June 14, 2022 | 3 min read

We asked our readers to vote for their favorite commercials of all time. Top creatives from the World Creative Rankings and The Drum’s Judges’ Club then ranked the ads. Now, we bring you the definitive 100 best TV and video ads of all time.

When Energizer released ‘Escape of the Bunny’ it had no idea it was drumming up a creative platform that would erode a rival’s unique brand assets and last for decades.

DDB Needham Worldwide created the character E.B. (Energizer Bunny), one of the world’s longest-lasting mascots (in every respect). The pink robot rabbit is known for his sunglasses, drum and flip-flops. The idea was so powerful that the agency worked with Energizer for 20 years.

However, it was TBWA\Chiat\Day that launched the ads that would solidify the idea in 1988 with ‘Escape of the Bunny’. E.B. was created to parody the Duracell bunny that preceded it by 15 years. The very existence of a second pink battery robot rabbit sparked a legal war, one of the fiercest in advertising. E.B. was younger, hipper and sassier, he couldn’t be any more 90s despite being a child of the 80s – technically.

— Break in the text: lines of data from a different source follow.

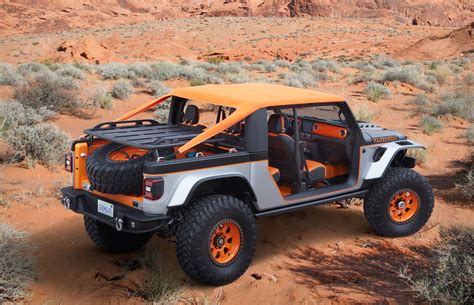 Jeep Gladiator Concept Vehicles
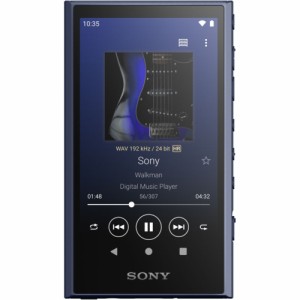 ソニー(SONY) NW-A307 L(ブルー) ハイレゾ音源対応 ウォークマン Aシリーズ 64GB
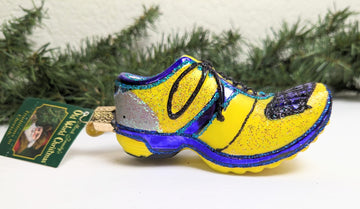 Running Shoe Old World Christmas Ornament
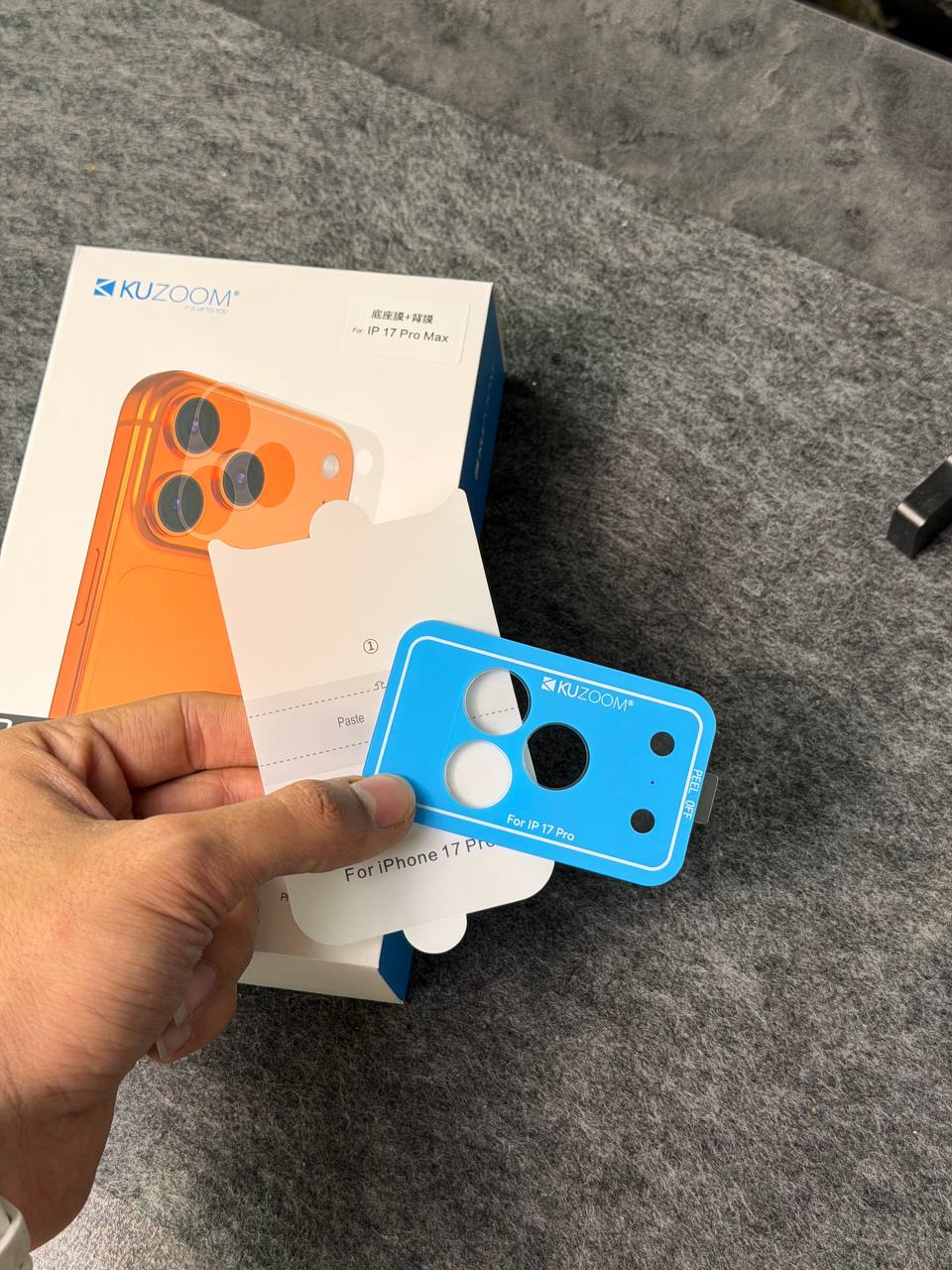 BACK+AROUND CAMERA INVISIBLE PROTECTION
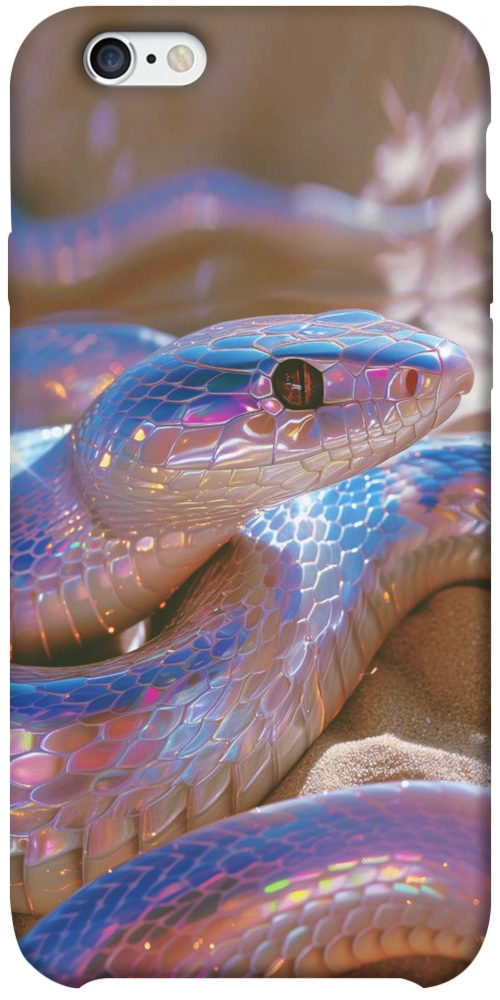 Чохол Cute bright snake для iPhone 6S Plus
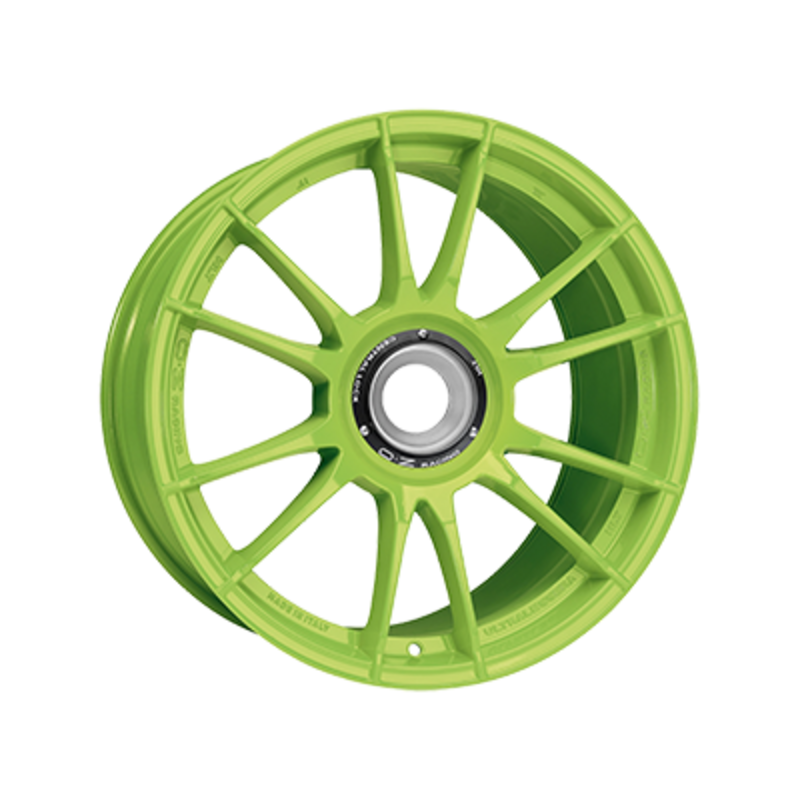 OZ Ultraleggera HLT CL 21x11.5" Centerlock ET46, Acid Green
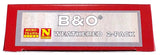 N Scale Micro Trains 983 05 069 Baltimore & Ohio B&O Covered Gondola 2-Pack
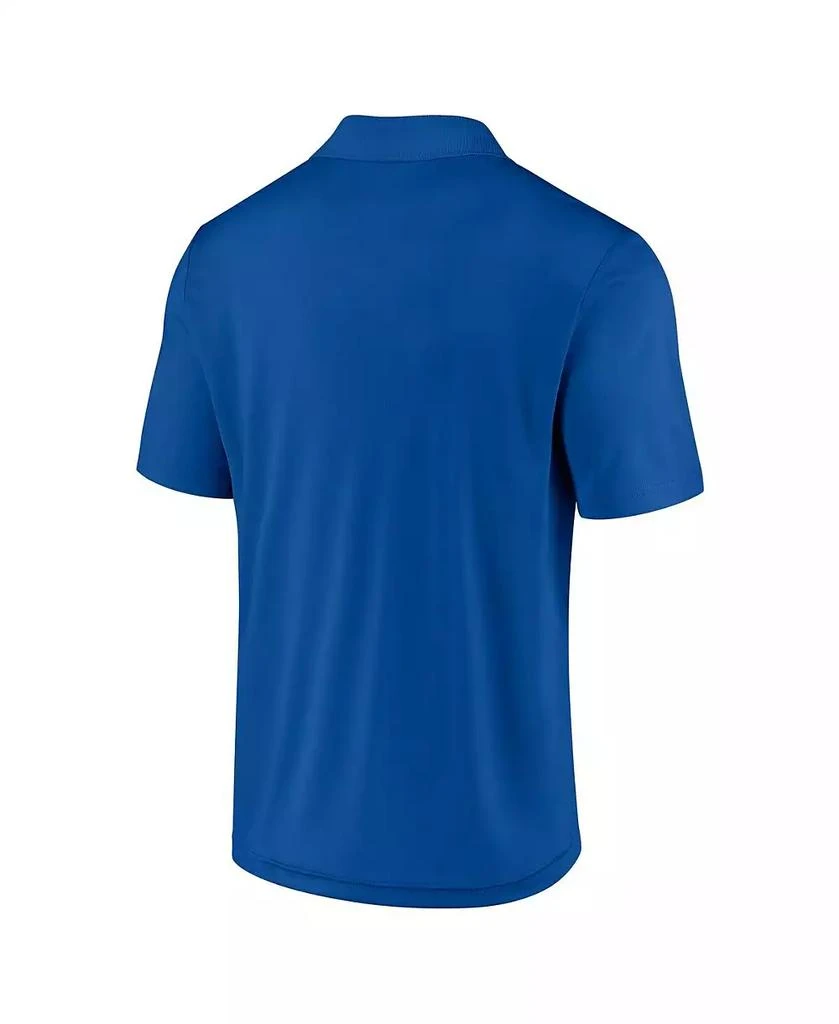 商品Fanatics|Men's Royal Chicago Cubs Primary Logo Polo Shirt,价格¥409,第2张图片详细描述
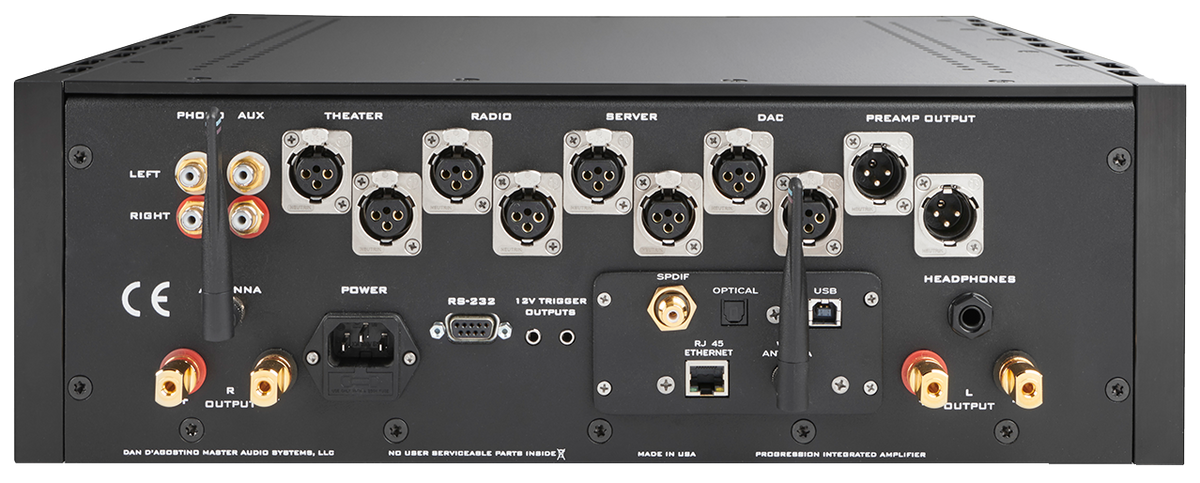 DAN D'AGOSTINO Progression Integrated Amplifier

The work references a famous Duracell ad showing a dozen drumming bunnies, powered by other battery brands. Energizer responds with the line: ‘Energizer wasn’t invited to the play-offs because nothing outlasts the Energizer. We keep going and going and going and go…’.

This ad came from rival the Dancer Fitzgerald Sample advertising agency, which was merged into the Saatchi & Saatchi network in 1987.

The Energizer Bunny ascended from a quick joke to an icon that eroded the market share of rival Duracell. The ad was intended as a one-off but the initial popularity saw it forge ahead with the in-transit bunny interrupting other scenes like a fancy tea party, as well as interrupting coffee drinking and nasal spray insertion in a campaign devised by rival Chiat/Day/Mojo.

Dave Park, president of the Los Angeles office of DDB Needham, said at the time: “I hate to say it, but while our Chicago office launched the rabbit, they never figured out the best thing to do with it. This year, Chiat\Day did better work than I can ever remember them doing.”

A real-life prop of the bunny was created by All Effects to operate in the ads via remote control. That outfit is best known for effects on Short Circuit, The Blob (1988) and Teenage Mutant Ninja Turtles III).

And good ideas, like good batteries, never die. In 2016, Camp+King, newly assigned to the Energizer account, brought E.B. back with the help of VFX specialist The Mill.

E.B. has appeared in more than 115 ads over three decades.